Why the switch-up? Why is it that, in the previous paragraph, Gelber makes a broad qualitative statement in which he cites some of the best most well-regarded works, but when he makes a more precise statement (that more easily opens itself up to empirical testing), he substantiates his claim with, what I will, for the sake of argument, assume to be particularly bad pieces of scholarship? The answer, at least to me, is obvious: Gelber can only make a claim based on cherry-picked data to support his broader 'just-so story' which enforces and provides (psuedo-)intellectuall support for his own political goals.
4. A much better study of Zionist historiography and the politics of memory is "Image and Reality of the Israel-Palestine Conflict" (see 2nd/latest edition) by Political Scientist/Theorist/Historian and International Jurist Norman Gary Finkelstein; and a much better study of Arab/Palestinian historiography of The 1947-1949 War for Palestine and its attendant exodus takes form in chapter 1 of "NAKBA AND SURVIVAL: The Story of Palestinians Who Remained in Haifa and the Galilee, 1948–1956" by Historian Adel Manna, titled "Al-Nakba and Its Many Meanings in 1948." Another alternative collection of essays critical of Zionist or anti-Palestinian (psuedo-)historiography is "Blaming the Victims: Spurious Scholarship and the Palestinian Question" which is edited by Preeminent Scholar Edward Said and writer Christopher Hitchens.

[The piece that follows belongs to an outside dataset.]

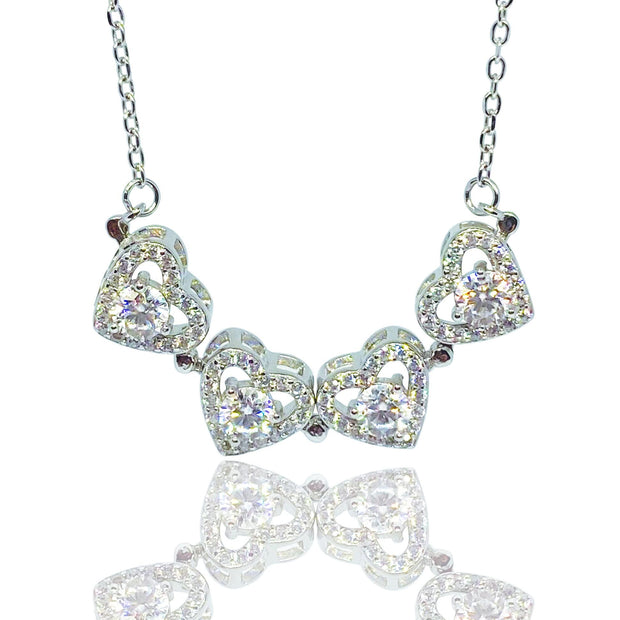 Sterling Silver Four-Leaf Clover Necklace: Moissanite Heart Pendant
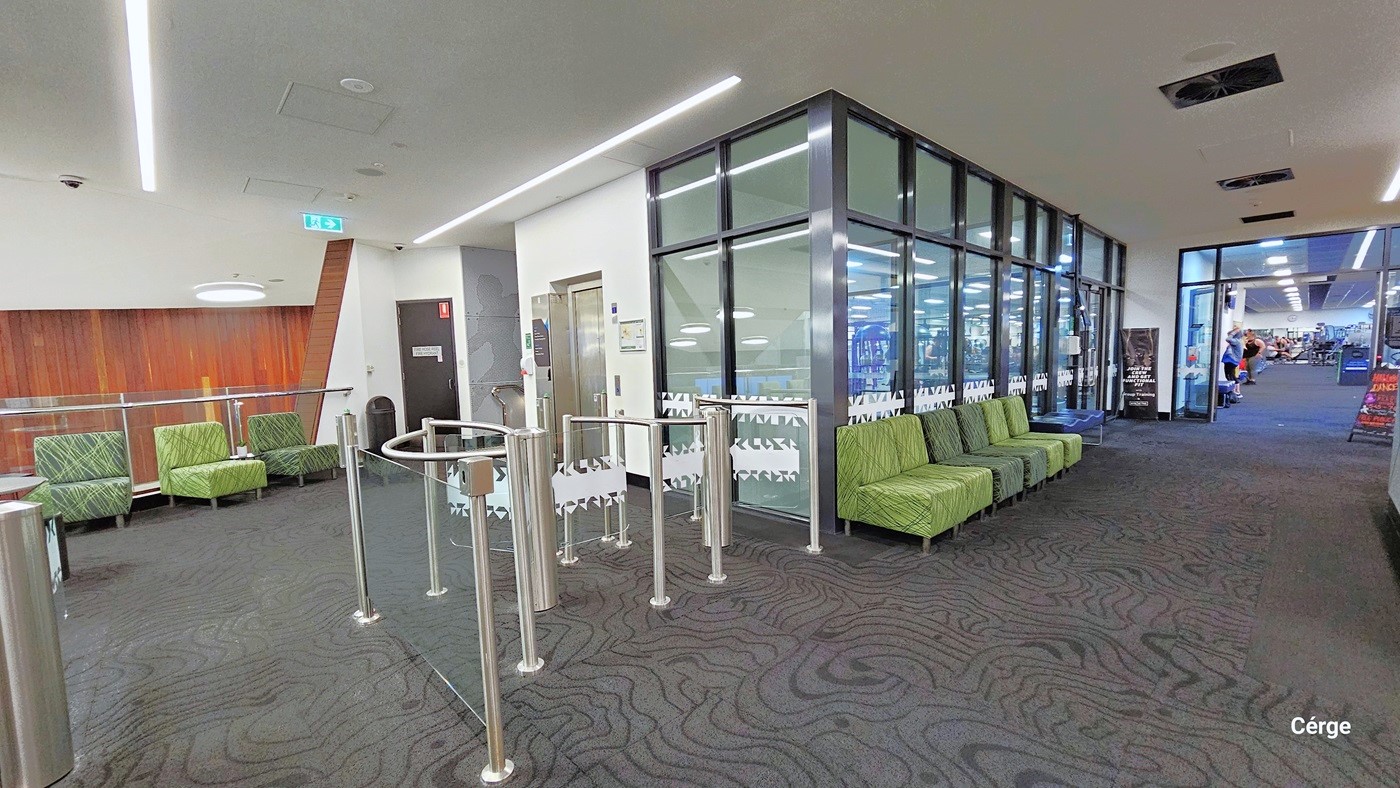 Entry to the AquaPulse gym is through turnstiles at the entrance. A few cushioned green chairs are lined up against the glass wall. From this viewpoint, there is a section of the spacious gym with colorful banners on display. The entire area has grey carpeting with a jigsaw puzzle design. Long fluorescent lights are mounted on the ceiling, along with a row of centralized air conditioning systems.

Overall, I can't say the entire book is bad, but at least some of these essays (like the essay my Avi Shlaim) I've read alongside other much better scholars. In the case of Gelber, perhaps he is correct, but his evidence and base assumptions, coupled with his dubious framing, weakens his claims and causes them to falter when placed under even mild scrutiny (such as, hopefully, this review).